Yesterday, I read a piece in our local newspaper discussing the problems rising sea level will cause. Built into the article were two assumptions, both of which are probably incorrect.
- Assumption 1 – Sea level could rise by as much as a meter by the year 2100
- Assumption 2 – Man can take actions to alter this in some significant way.
When I look at sea level data I see confusion. Today was no exception. My inquiry began with a look at Satellite data courtesy of Colorado University.

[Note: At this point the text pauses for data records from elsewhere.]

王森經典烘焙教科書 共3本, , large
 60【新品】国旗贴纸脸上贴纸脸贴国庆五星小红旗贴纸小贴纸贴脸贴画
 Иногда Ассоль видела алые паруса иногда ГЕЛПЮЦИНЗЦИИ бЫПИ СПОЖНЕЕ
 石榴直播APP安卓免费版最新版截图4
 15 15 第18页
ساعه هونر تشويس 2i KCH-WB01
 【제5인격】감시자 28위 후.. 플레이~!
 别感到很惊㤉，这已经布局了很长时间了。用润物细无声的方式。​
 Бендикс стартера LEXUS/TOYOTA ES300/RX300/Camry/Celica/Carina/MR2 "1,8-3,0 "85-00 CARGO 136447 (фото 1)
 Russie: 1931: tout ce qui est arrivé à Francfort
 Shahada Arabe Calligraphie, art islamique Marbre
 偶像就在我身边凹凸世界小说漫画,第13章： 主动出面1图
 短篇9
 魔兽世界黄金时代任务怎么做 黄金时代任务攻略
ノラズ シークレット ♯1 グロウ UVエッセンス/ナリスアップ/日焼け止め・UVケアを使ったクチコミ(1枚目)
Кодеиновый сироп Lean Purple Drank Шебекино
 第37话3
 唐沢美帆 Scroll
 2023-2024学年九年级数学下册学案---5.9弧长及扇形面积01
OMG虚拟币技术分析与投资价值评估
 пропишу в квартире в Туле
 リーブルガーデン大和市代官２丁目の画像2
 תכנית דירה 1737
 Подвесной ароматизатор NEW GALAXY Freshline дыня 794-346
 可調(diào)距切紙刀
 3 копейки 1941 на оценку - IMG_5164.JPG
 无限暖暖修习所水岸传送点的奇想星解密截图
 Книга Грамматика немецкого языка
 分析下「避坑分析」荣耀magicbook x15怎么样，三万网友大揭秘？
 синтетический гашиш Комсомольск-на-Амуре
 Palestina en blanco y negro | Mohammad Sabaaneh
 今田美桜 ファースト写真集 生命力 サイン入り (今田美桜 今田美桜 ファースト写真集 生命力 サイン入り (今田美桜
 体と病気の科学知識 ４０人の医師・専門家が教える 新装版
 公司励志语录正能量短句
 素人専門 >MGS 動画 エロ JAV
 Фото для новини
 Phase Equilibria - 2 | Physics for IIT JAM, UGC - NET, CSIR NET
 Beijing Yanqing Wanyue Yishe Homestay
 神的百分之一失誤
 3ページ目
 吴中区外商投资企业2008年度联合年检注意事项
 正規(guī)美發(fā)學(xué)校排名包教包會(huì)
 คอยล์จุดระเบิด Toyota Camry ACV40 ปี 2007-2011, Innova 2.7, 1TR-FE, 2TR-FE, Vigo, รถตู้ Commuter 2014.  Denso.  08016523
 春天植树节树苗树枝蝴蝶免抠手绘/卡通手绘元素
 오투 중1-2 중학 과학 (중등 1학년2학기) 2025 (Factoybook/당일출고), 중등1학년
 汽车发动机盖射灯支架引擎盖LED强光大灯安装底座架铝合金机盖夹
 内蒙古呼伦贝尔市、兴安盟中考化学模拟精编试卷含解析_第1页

Sea level, according to CU, is rising at a rate of about 3.2 millimeters a year (plus or minus 12.5%). That’s about an 1/8 of an inch per year or about a foot per century. Plus or minus an inch or two. Not exactly a meter, but coastal regions will have difficulties. Sea level has been rising since the Little Ice Age ended some 250 years ago. If I had land in Key West, I’d be worried.
But sea level in Key West isn’t rising at 3.2mm/yr, it’s rising at 2.24 mm/yr. And the trend has been steady for the 100 years of the data.
Key West may be under water at some date in the future, but the rate of change appears to be much less than predicted by IPCC scientists. I suppose Key West could be an oddity, but it’s unlikely. I visited the NOAA web site and checked many places I thought might be interesting. Places like Bermuda, Honolulu, San Francisco, Venice. Yep, Venice, well Trieste, it’s just across the bay.
Trieste’s rate is less than 40% of the Satellite predicted rate.
1.24/3.4 = .397 or 39.7%
The margin for error is half the satellite data rate (.2 mm vs .4mm)
Every place I checked had a trend rate that was less than the satellite data. In most cases the predicted margin for error was less than the satellite data too. A few select data points have a longer history too. I tabulated the results
City rate of change data history
San Francisco 2.01 mm/yr 160 years Honolulu 1.50 mm/yr 110 years New York 2.77 mm/yr 120 years Bermuda 2.04 mm/yr 70 years Narvik, Norway -2.06 mm/yr 60 years Cochin, India 1.71 mm/yr 70 years Hong Kong 2.92 mm/yr 60 years Nagasaki, Japan 2.20 mm/yr 45 years Sydney, Australia 0.65 mm/yr 130 years Auckland, New Zealand 1.29 mm/yr 120 years
This data doesn’t tell the full story of the confusion. Individual sites provide lots of conflicting data. Honolulu has been trending down since about 2002:
The NOAA presentation of the Bermuda data a bit odd:
Most of the increase shown in Bermuda happened before 1960. Had the data set begun in 1955 instead of 1934 the trend line would have shown nearly no net change. Sea level rose fairly rapidly from 193o until 1955 and has been relatively stable since then. Go figure.
Virtually every city I checked showed a less ominous looking trend line than the satellite data. This land based data has it’s limitations. Many international cities have tiny data sets, particularly in South America and Africa. Only one data point exists for all of Antarctica
I would argue that the Antarctica data doesn’t really suggest a trend but NOAA calculates the trend at 1.43mm/yr. When I look at the data I see no net changes since 1960. Sounds kind of like Bermuda’s data to me?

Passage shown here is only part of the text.